How many bits to represent these numbers precisely

computational mathematicscomputer sciencefloating point

Consider the following numbers:

$$19=10011_b, 12.75=1100.11_b, 7.125=111.001_b$$

What is the minimum number of bits necessary to represent the above three numbers precisely?

A system like the IEEE floating point standard should look like

$$\pm1.b_1\dots b_5 \times 2^p$$

where $2\le p\le 4$ so that there is one sign bit, one "free" bit (the leading $1$), and five bits for $b_1\dots b_5$. Then we need eight values for $p$, so that gives additional three bits. So does this mean that to represent the above numbers one would need at least a 9-bit floating point system? I think it's somewhat dubious, seems like too many bits would be needed for these simple numbers. Where's my mistake?

Best Answer

The answer depends on what you want to represent and the data format.

  • To represent them precisely requires zero bits, under the data format that "this format represents 19, 12.75, and 7.125".

  • If you need a that contains a value that is one of these three numbers, then two bits is enough, using the data format "00 means 19, 01 means 12.75, and 10 means 7.125".

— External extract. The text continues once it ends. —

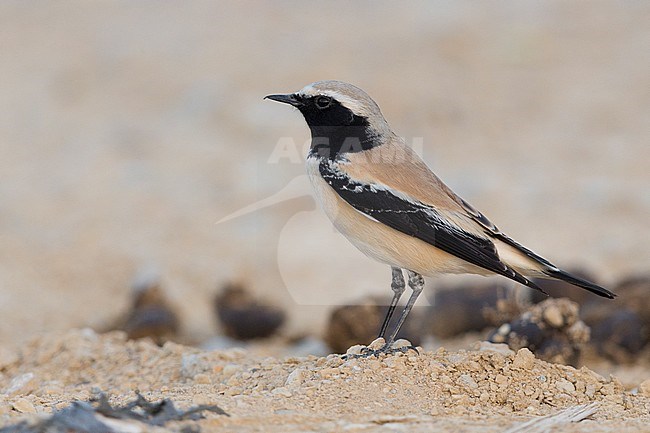 Desert Wheatear (Oenanthe deserti), Standing on the ground, Qurayyat, Muscat Governorate, Oman stock-image by Agami/Saverio Gatto,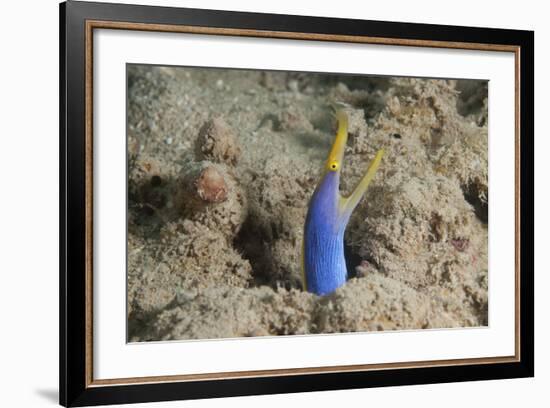 Blue Ribbon Eel with Mouth Wide Open on a Fijian Reef-Stocktrek Images-Framed Photographic Print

  • If you need an array of five such values, you can make do with 8 bits, by reinterpreting the entries as a base-3 numeral for a number $0 \leq n < 243$, which can be stored in binary using 8 bits.

  • If you need a IEEE-like floating point format capable of exactly representing these three values under the usual interpretation of such formats, then you actually need 10 bits: you forgot the sign bit for the exponent.

  • You could modify the IEEE-format in various ways as well. For example, you might choose a format where "the sign is always positive and the exponents are always in the range $1 \leq e \leq 4$". Then seven bits would suffice.